Omer Fast lives and works in Berlin, DE


The films and videos of Omer Fast oscillate between reality and fiction, documentation and drama. With a cinematic gaze, the artist relates stories that symbolically reveal the power structures of our present, where personal memories of witnesses pervade events.
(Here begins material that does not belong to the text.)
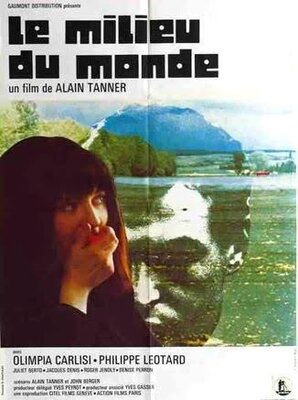 affiche Le Milieu du monde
Omer Fast, A Place Which Is Ripe, 2020, 3 synchronized videos on mobile phones lying in an open drawer, color, sound, loop, 16′39′′; office furniture, video still © Omer Fast

For A Place Which Is Ripe (2020), the artist asked two former London police officers—a super-recognizer and his supervisor—about their profession. Their testimonies explain why surveillance cameras are today so ubiquitous in Great Britain. Closed-circuit television, or CCTV, helped solve two notorious crimes—the murders of two-year-old James Bulger in 1993 and fourteen-year-old Alice Gross in 2014. Thereafter, public acceptance of the extensive use of cameras increased dramatically. This is not the case in Germany, where the incidents that occurred at the Cologne Cathedral on New Year’s Eve 2015 revealed that only two cameras had been installed at the main train station—photographs taken with mobile phones were what ultimately led to around 200 arrests. This begs the question: are surveillance cameras still necessary?
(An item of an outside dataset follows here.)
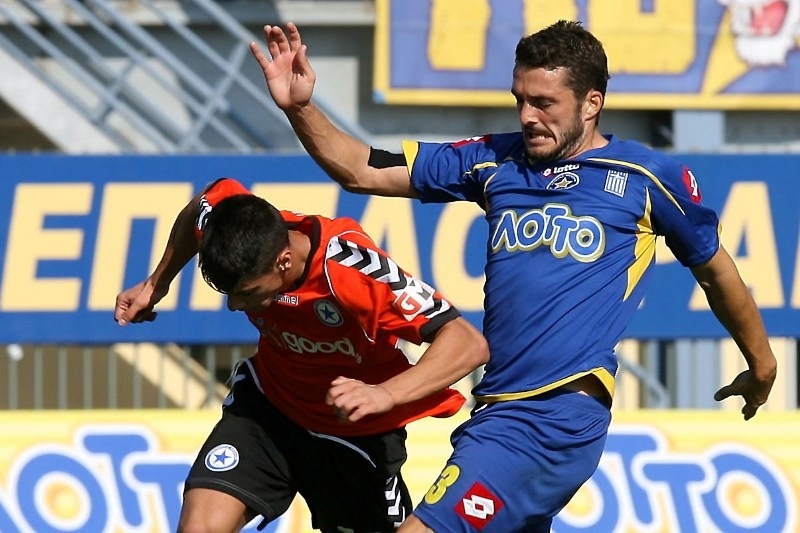 Πιπίνης: «Να δουλέψουμε όλοι για το γκολ»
The officers are filmed from behind so that their faces are not visible. Accompanying their words are related images from Google searches shown on three mobile phones placed in a drawer, suggesting an intimacy that diametrically opposes the subject of the work. The artist questions what happens behind the scenes of surveillance: who assesses the footage and where it ultimately ends up. Although he is skeptical of the super-recognizer’s talent, he also acknowledges that it puts everyone at ease to know that there are human beings behind the algorithms. The fact that they can use technology to look deep into the lives of others while remaining invisible gives them tremendous power. But this also comes with a price—the flood of images is difficult to bear. The boundaries between public and private blur, not only for those being watched, but also for those watching, who disappear into the web of technology, commerce, industry, politics, and law enforcement.

Gesine Borcherdt


Omer Fast, A Place Which Is Ripe, 2020, installation view, 12th Berlin Biennale, Stasi Headquarters. Campus for Democracy, 11.6.–18.9.2022, photo: Laura Fiorio


Double Vision, 2022, Tai Kwun, Hong Kong (HK)

Someone Else. The foreignness of children, 2022, Museum für Neue Kunst, Freiburg (DE)

Jack Davison, Omer Fast, and Frida Orupabo, 2021, Deichtorhallen Hamburg, Hamburg (DE)

Omer Fast: Continuity, 2021, Samstag Museum of Art, Adelaide (AU) (solo)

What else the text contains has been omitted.